WORK ITEM: Every line below from the one with "world aesthetic t" through the one with "Apple Watch Series" is to be repeated exactly, with no picture among them.

+++ STUDY MATERIAL

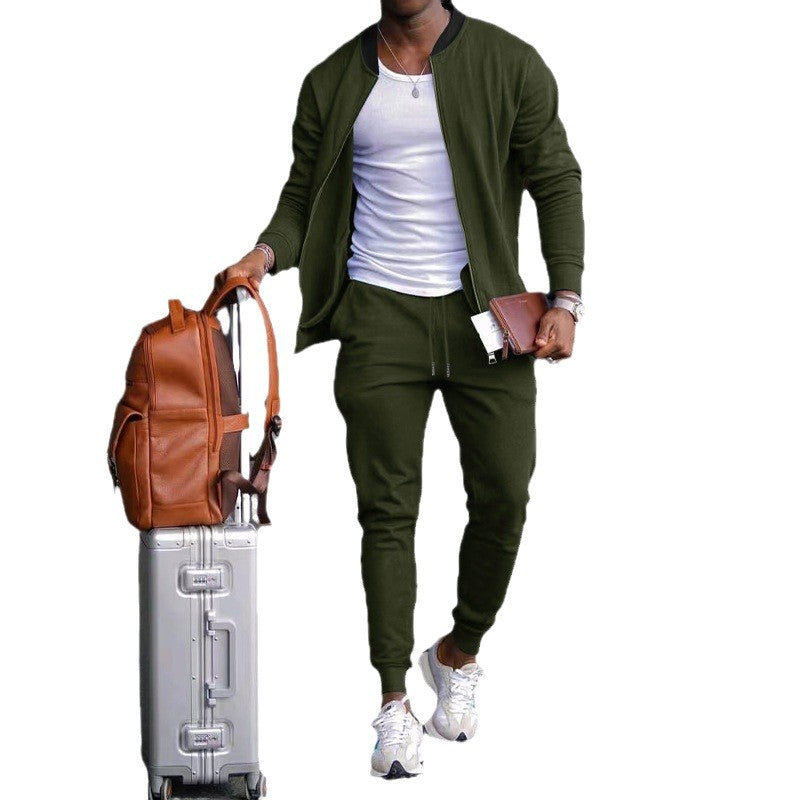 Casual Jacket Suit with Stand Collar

++++++
+++ STUDY MATERIAL

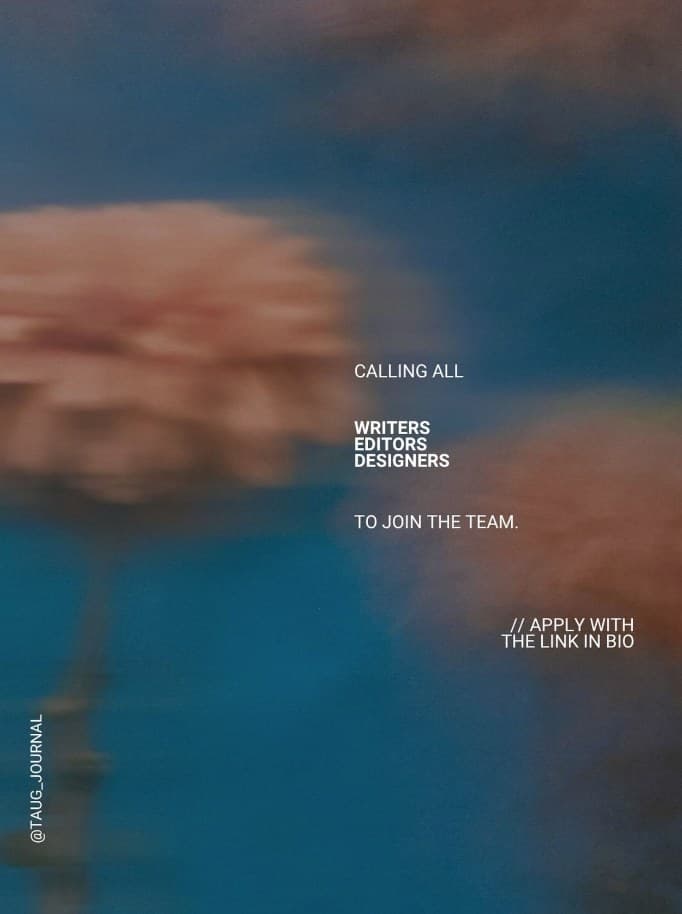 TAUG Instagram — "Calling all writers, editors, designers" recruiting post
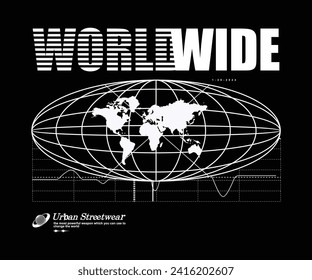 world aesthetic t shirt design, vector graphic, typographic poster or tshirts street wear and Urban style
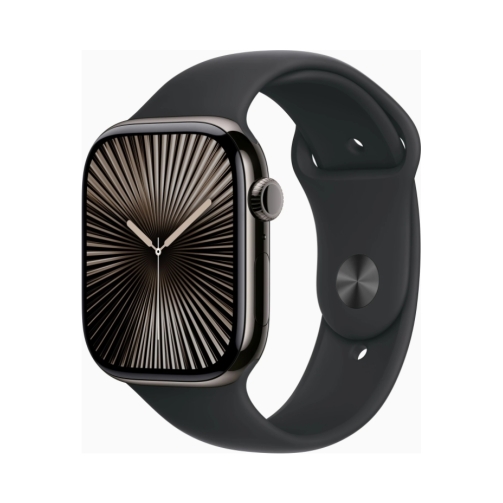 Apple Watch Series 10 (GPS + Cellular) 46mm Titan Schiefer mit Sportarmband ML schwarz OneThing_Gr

++++++
+++ STUDY MATERIAL

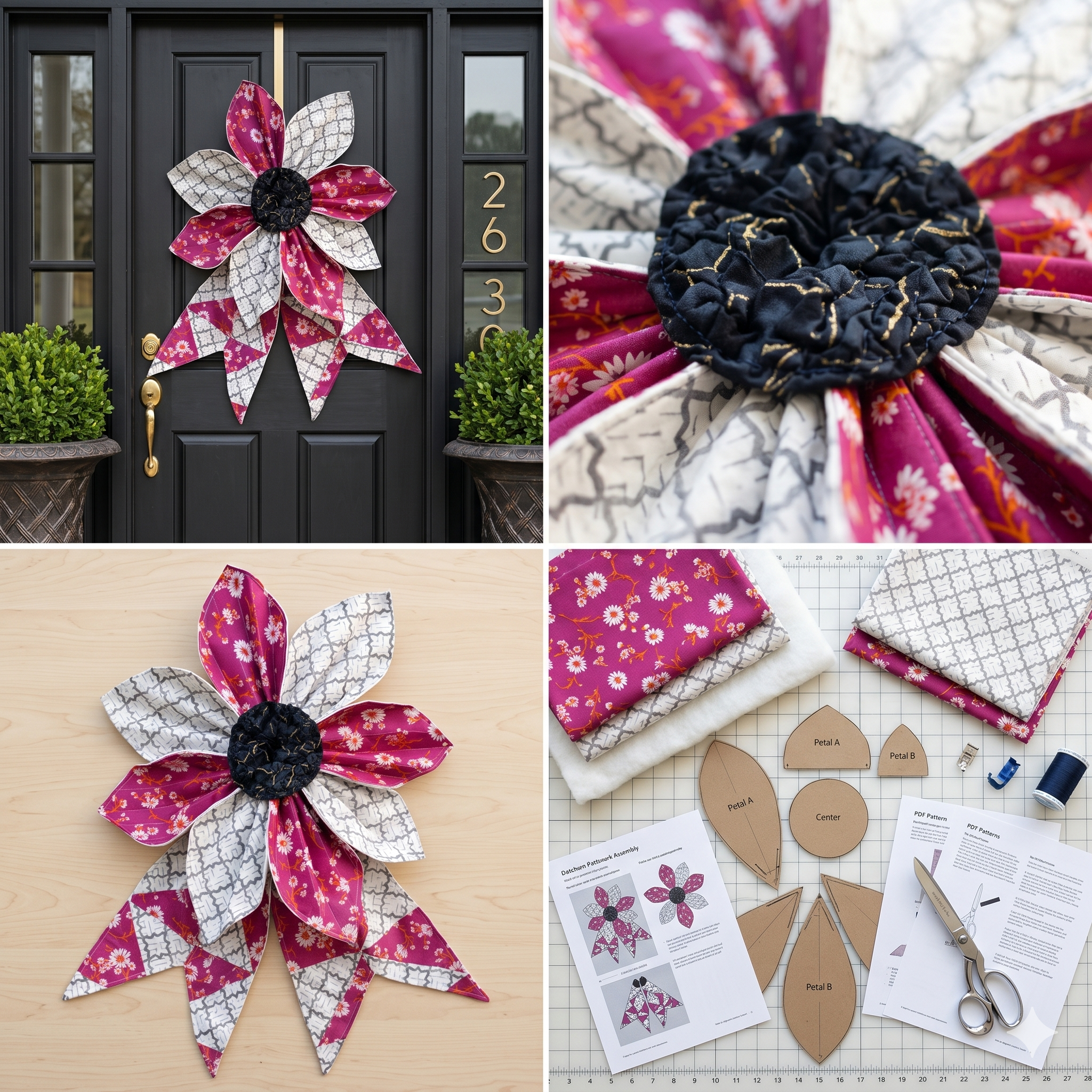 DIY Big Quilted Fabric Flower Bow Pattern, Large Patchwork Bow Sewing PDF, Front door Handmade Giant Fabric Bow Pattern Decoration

++++++

EXERCISE OUTPUT:
 world aesthetic t shirt design, vector graphic, typographic poster or tshirts street wear and Urban style
 Apple Watch Series 10 (GPS + Cellular) 46mm Titan Schiefer mit Sportarmband ML schwarz OneThing_Gr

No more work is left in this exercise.